By means of a clever hack, we don't need two arrays prev and next. We can actually get away with one array whose elements represent pointers going both ways! Doing this relies on the properties of the exclusive-or operation: x^y, or, as it is often written in technical literature, $x \oplus y$ Specifically, since x^x==0 for all values of x, and since exclusive-or is associative and commutative, it's always true that x^y^y == x and x^y^x == y.

Suppose therefore that in place of arrays prev and next, we have one array, link, where link[i] = next[i]^prev[i]. Suppose I want to sequence through the list forward, starting at item L. We know that prev[L] is -1, so we can compute next[L] as n = link[L]^(-1). Now we have n == next[L] and L. Since L is prev[n], we can also compute next[n] (that is, next[next[L]]): it's just L^link[n]. In this way, we can proceed forward down the list. By symmetry, we can also proceed backwards from the end of the list, starting from a pointer to the end of the list (whose next value is -1). Thus, from the single array of integers, link, and the index of either end of the list, we can traverse the entire list.

In class, we saw the AbstractList class, which allows one to get a complete concrete implementation of a subtype of List just from implementing the methods size, get, add, set, and remove (or just the first two for a read-only list). There is another abstract class, java.util.AbstractSequentialList, which is better suited to implementing lists (such as linked lists) where random access (get) is slow, but where there is a fast way to iterate through the list sequentially. You can get a full-blown List implementation from AbstractSequentialList by implementing just size and listIterator. To implement listIterator, one generally has to also implement a subtype of java.util.ListIterator.

Fill in the skeleton class CompactLinkedList to implement a List class that uses the exclusive-or hack to represent a List with just one pointer per item.

## D. Asymptotic Analysis

For these problems, you should give a brief explanation as hw5.txt. You should not use any fancy typesetting tools (like LaTeX, Word, etc.). Just submit a text file called hw5.txt. You are not required to explain your solutions, but you are encouraged to do so.

Provide simple and tight asymptotic bounds for each of the following. Here, "simple" means roughly "no unnecessary terms or constants" and "tight" means "either the largest $\Omega(\cdot)$ and smallest $O(\cdot)$ bounds you can find, or if possible, a $\Theta(\cdot)$ bound."
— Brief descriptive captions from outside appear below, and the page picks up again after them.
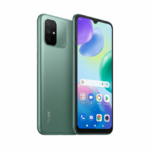 Xiaomi Redmi 15C 4G 128GB 4GB - Verde. Este teléfono inteligente se presenta en un acabado verde mate con un diseño moderno. La imagen muestra una vista frontal y trasera del dispositivo. En la parte trasera , destaca un módulo de cámara rectangular con múltiples lentes y un flash LED, junto con un sensor de huellas dactilares circular. La parte frontal exhib e una pantalla completa con un pequeño recorte para la cámara frontal. Se aprecian los botones laterales de volumen y encendido. El dispositivo está centrado sobre un fondo blanco puro con iluminación de estudio suave.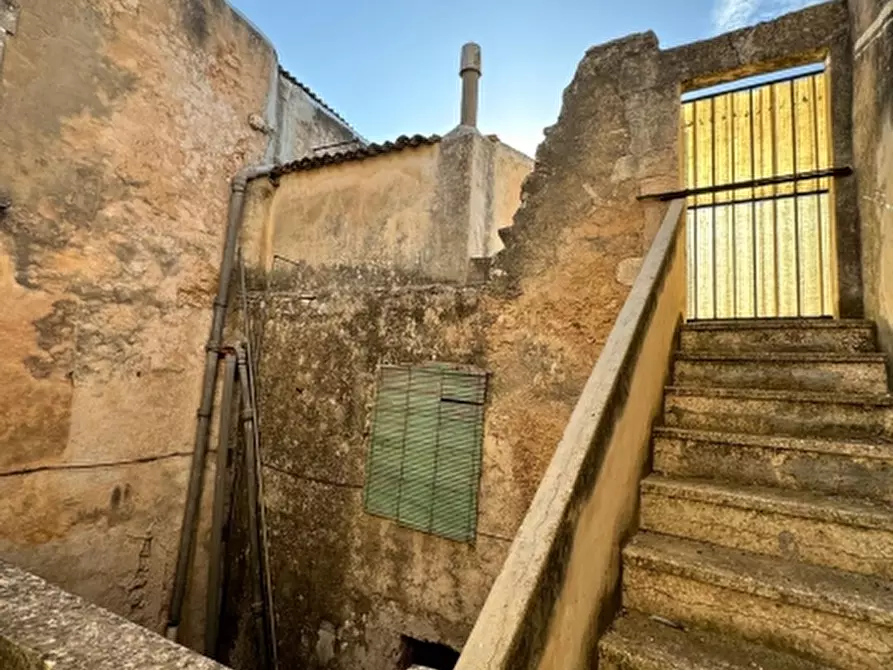 Immagine 12 di Palazzo in vendita  in ViamXI Febbraio a Ispica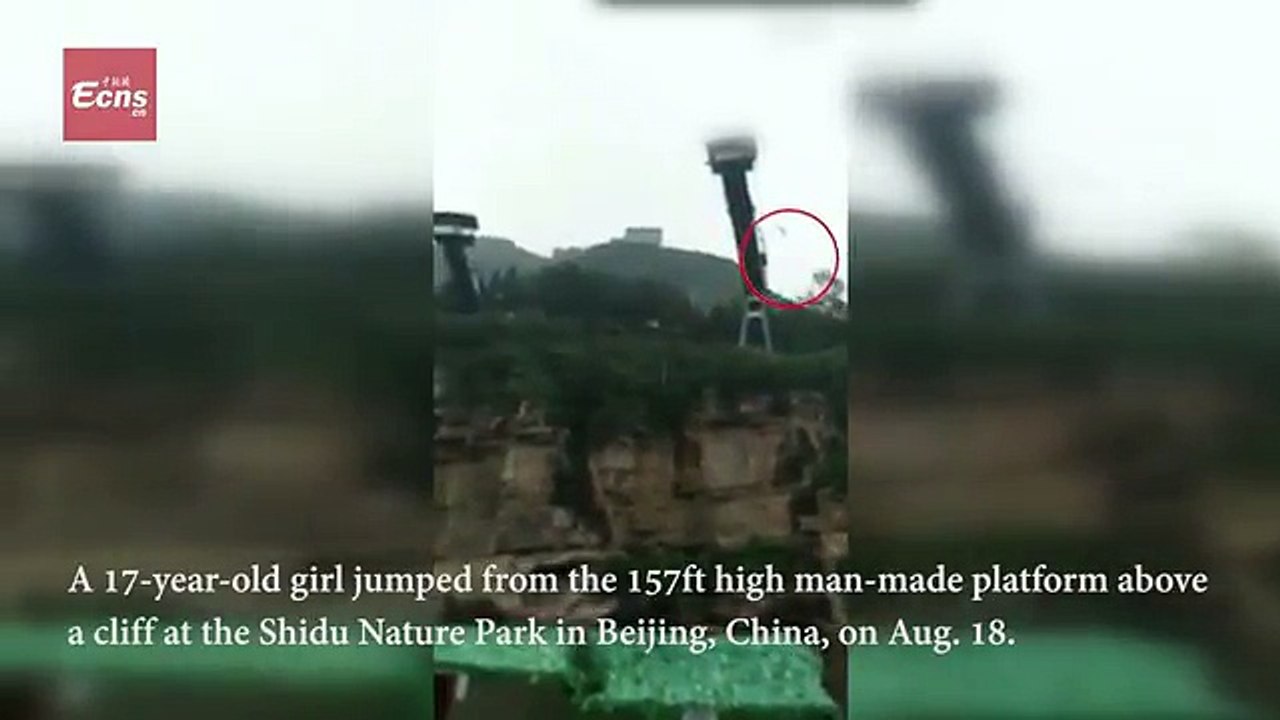 Lors d’un saut à l'élastique, les choses tournent mal et une jeune femme de 17 ans chute dans une rivière...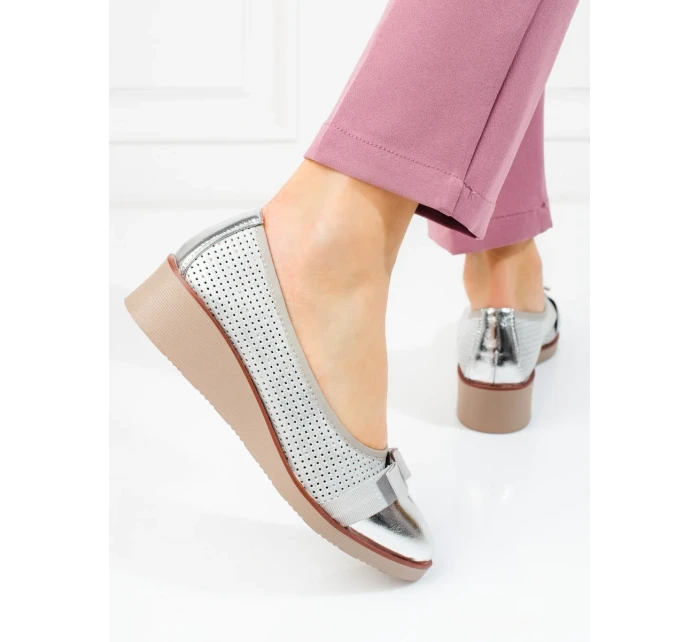 Moderní  lodičky Srebrny dámské na klínku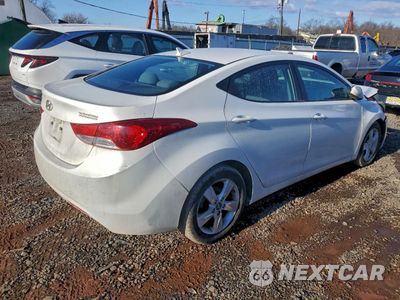 Trzecie zdjęcie samochodu z tyłu: 2013 HYUNDAI ELANTRA GLS VIN:5NPDH4AE5DH410670 - miniatura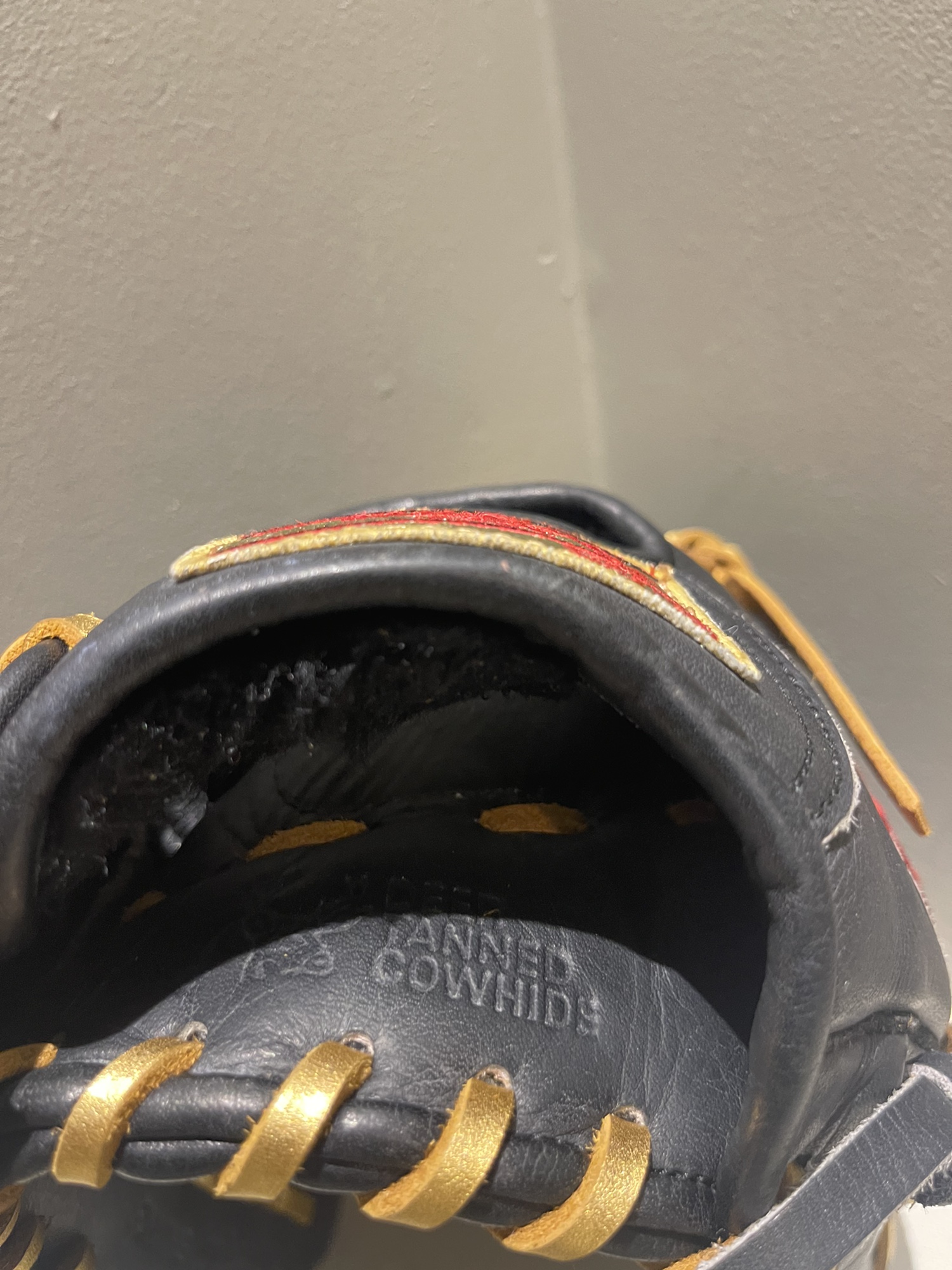 Rawlings Rare GOLD Label GG1150 Baseball Glove RHT Gold Glove Series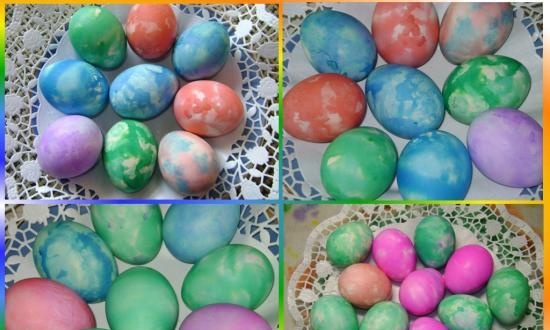 We paint eggs for Easter with corrugated paper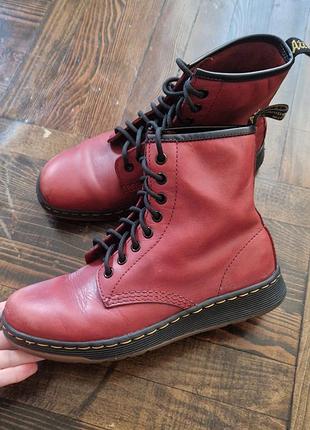 Кожаные ботинки, лежаные ботинки dr. martens
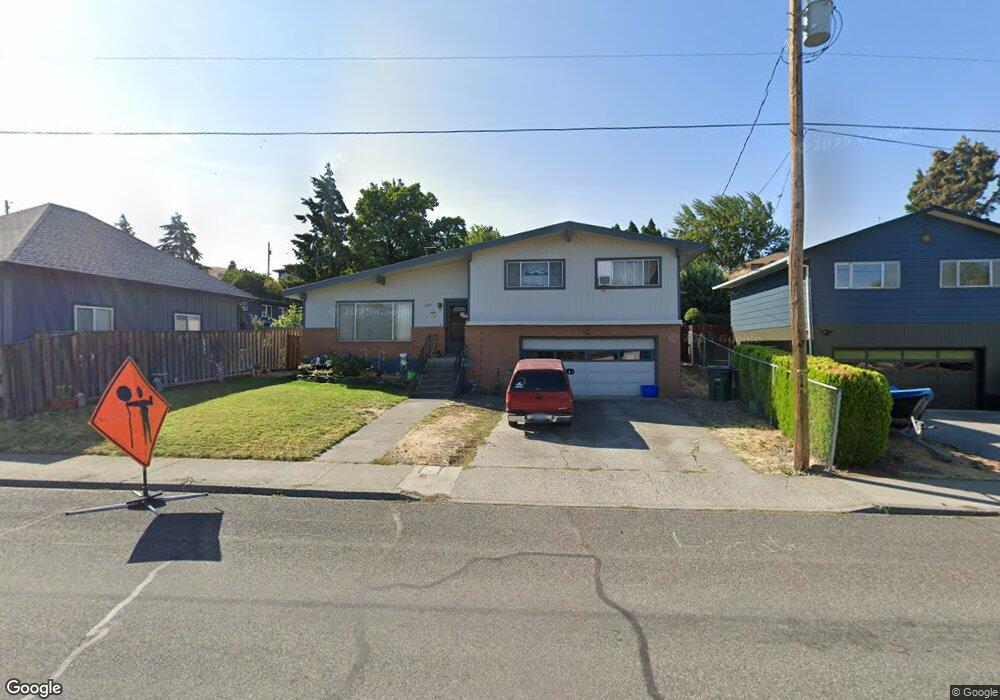 1820 E 10th St, the Dalles, OR 97058 - photo 1
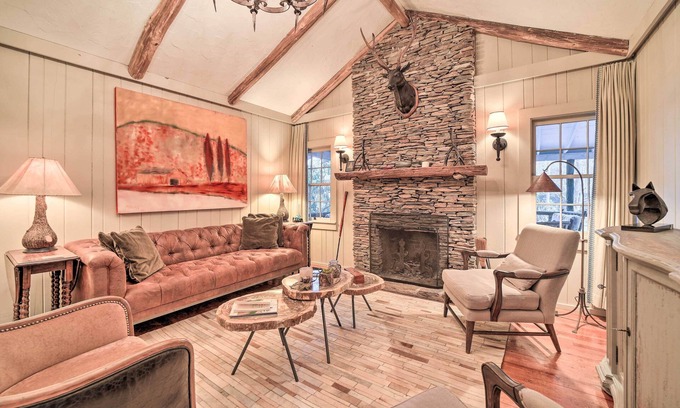 Mirror Lake Cabina | Mirror Lake Cabin ~ 1 Mi to Dtwn Highlands!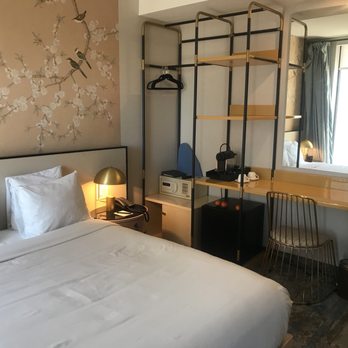 The Parc Hotel - Queen room - Hotels Near Me - Flushing, New York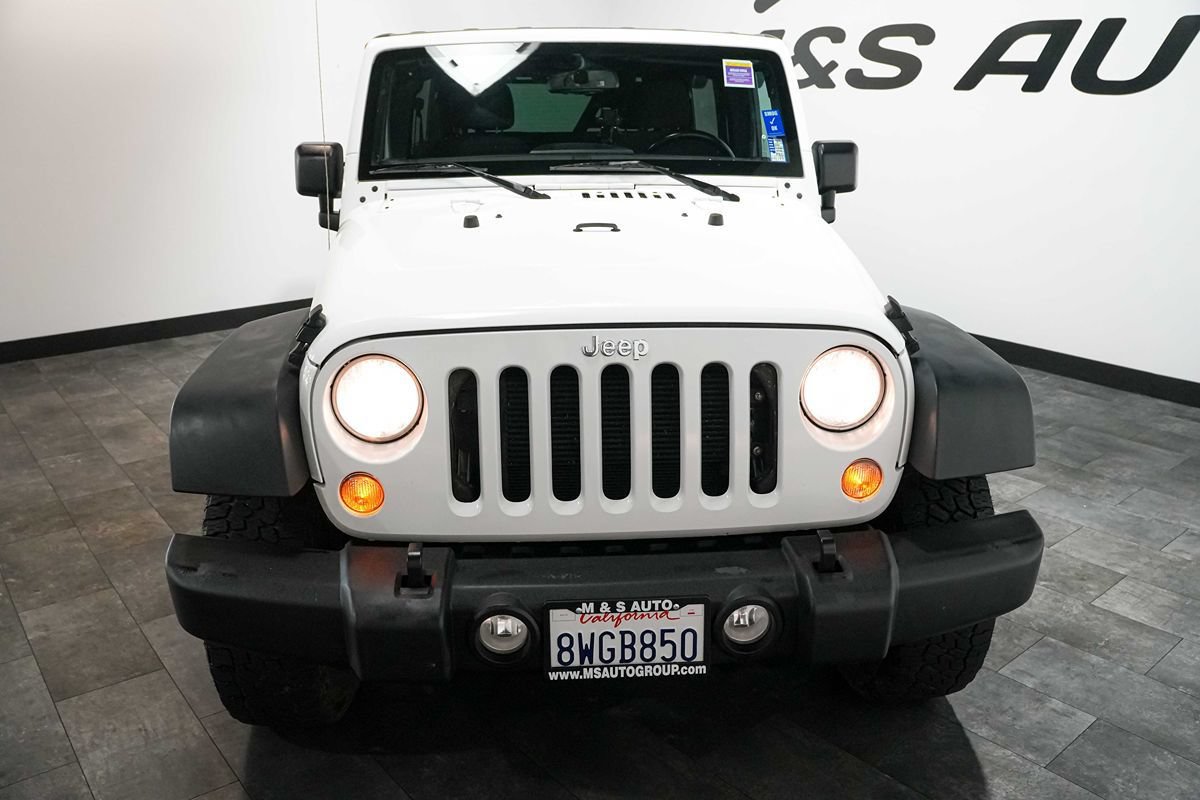 Used 2017 Jeep Wrangler Unlimited Sport w/ Quick Order Package 24S AWD/4WD image 8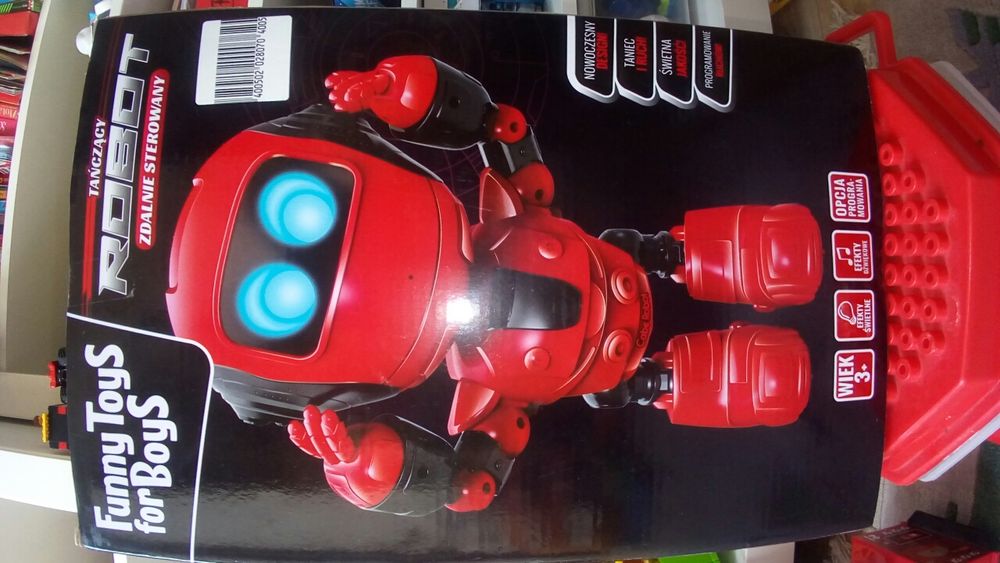 Interaktywny ,zdalnie sterowany robot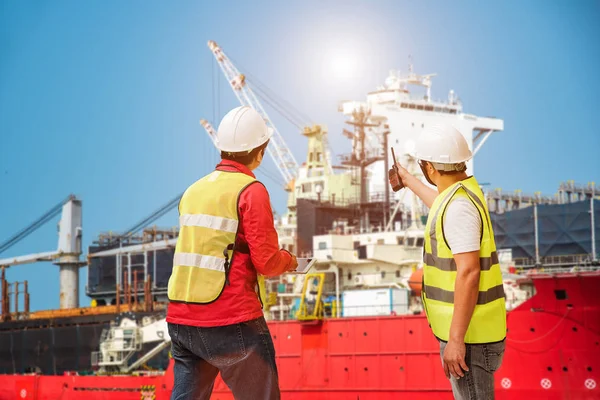 Vorarbeiter Supervisor Hafenkontrolleur Verlademeister Verantwortlich Für Die Arbeit Auf Der — Stockfoto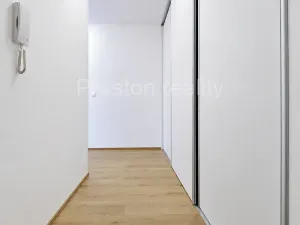 Prodej bytu 2+kk, Praha - Malešice, Nad úžlabinou, 48 m2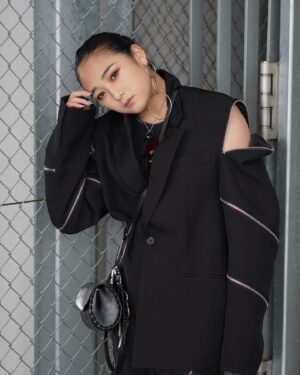 Erina Mizuno Instagram - 久しぶりにファッション❤️
最近暑くなったり寒さ戻ってきたり…天気がメンヘラで困っちゃうぜ。
#fashion #styling #blackcode #jacket #eyewear #harness #bag
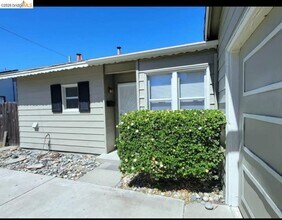 Building Photo - 2120 Knox Ave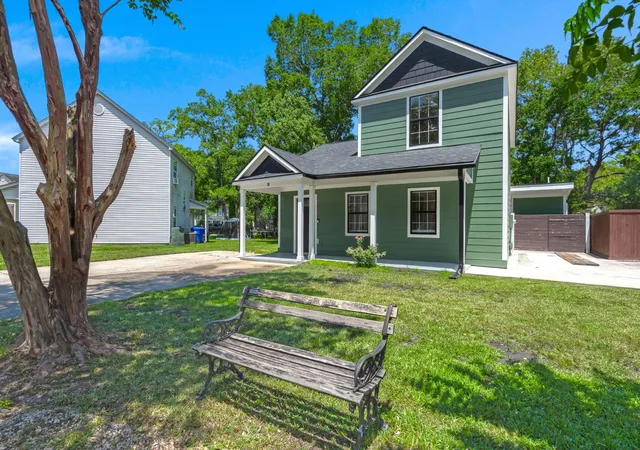 Photo 3 of Single family home for sale at 31 Woodleaf Ct, Charleston, SC 29407 | MLS# 26020442 | Listing updated on 2026-08-24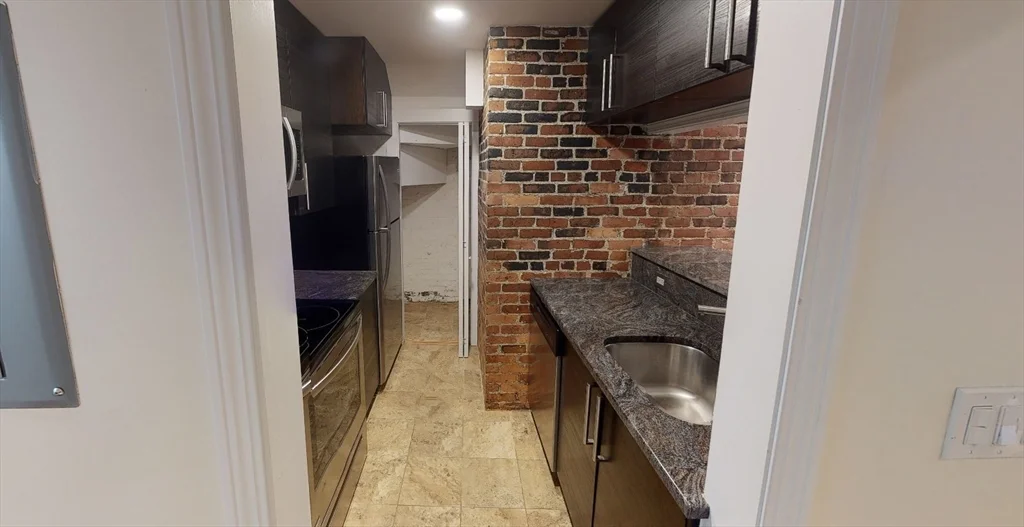 Studio bed, 1 bath apartment for rent at 69 Babcock St Unit 8, Coolidge Corner — photo 4 of 6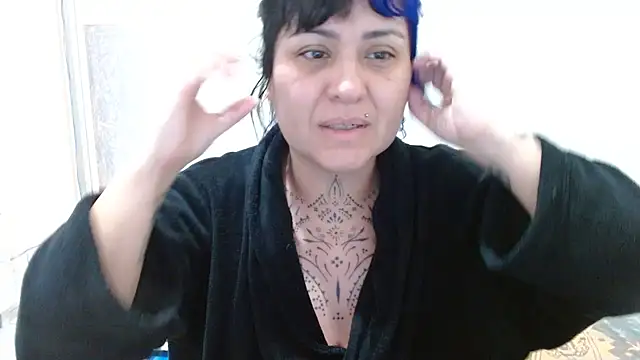 Snapshot of vaholiver chatting on May 31, 2026, 2:34 pm vaholiver online show from May 31, 2026, 2:34 pm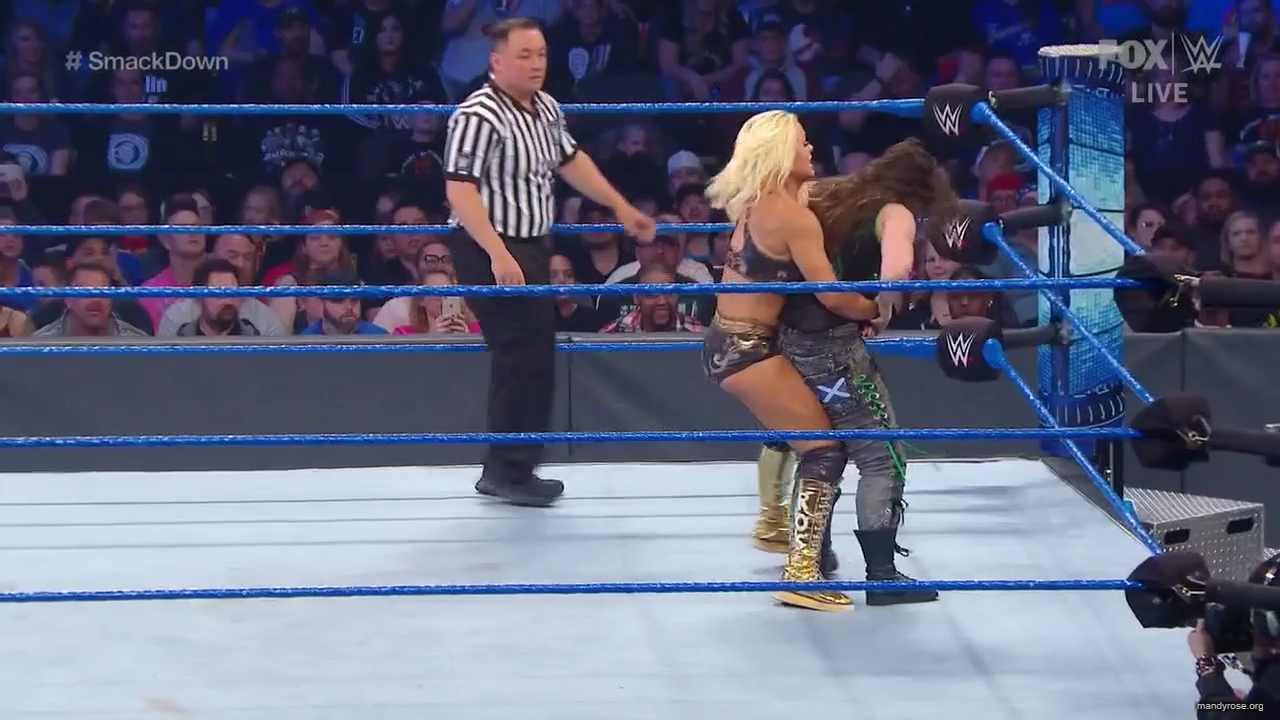 WWE_Friday_Night_SmackDown_2019_10_25_720p_HDTV_x264-NWCHD_mp42490.jpg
1. $9x^2 + 3x + 14 \log x$
2. $\log(4x^3 + 2x^2)$
3. $\sum_{i=0}^{N}\sum_{j=0}^{i} j$.
4. The worst case running time of the following code fragment:

int j;
j = 0;
for (int i = 0; i < N; i += 1) {
for ( ; j < M; j += 1) {
if (bump (i, j))
break;
}
}

Assume that M and N are integers, and bump is a constant-time ($O(1)$) method that returns a boolean result. We're looking for a $\Theta$ result that uses M and N.

5. The worst case running time of the function f5 for the code below.

public static int f1 (int n) {
int x = 0;
for (int i = 0; i < n; i++) {
x++;
}
return x;
}

public static int f5 (int n) {
if (n <= 1) {
return 1;
}
return f1(n) + f5(n/2) + f5(n/2);
}`

Give your answer as $\Theta$ result that uses n.

6. Show that $\log_b f(x) \in \Theta(\log_{10} f(x))$ for any constant $b>1$. (To demonstrate a statement like this, go to the definition. You must find $K$ and $M$ such that $|\log_b f(x)| < |K\log_{10} f(x)|$ for $x > M$.
7. Suppose that $p(x)$ is any polynomial in $x$ with positive coefficients. Show that $\log p(x) \in O(\log x)$.
8. Suppose that $f(n)$ is a positive, non-decreasing function.
Show that $\lceil f(n)\rceil \in O(f(n))$, where $\lceil x \rceil$ is defined as $x$ rounded up to the nearest integer.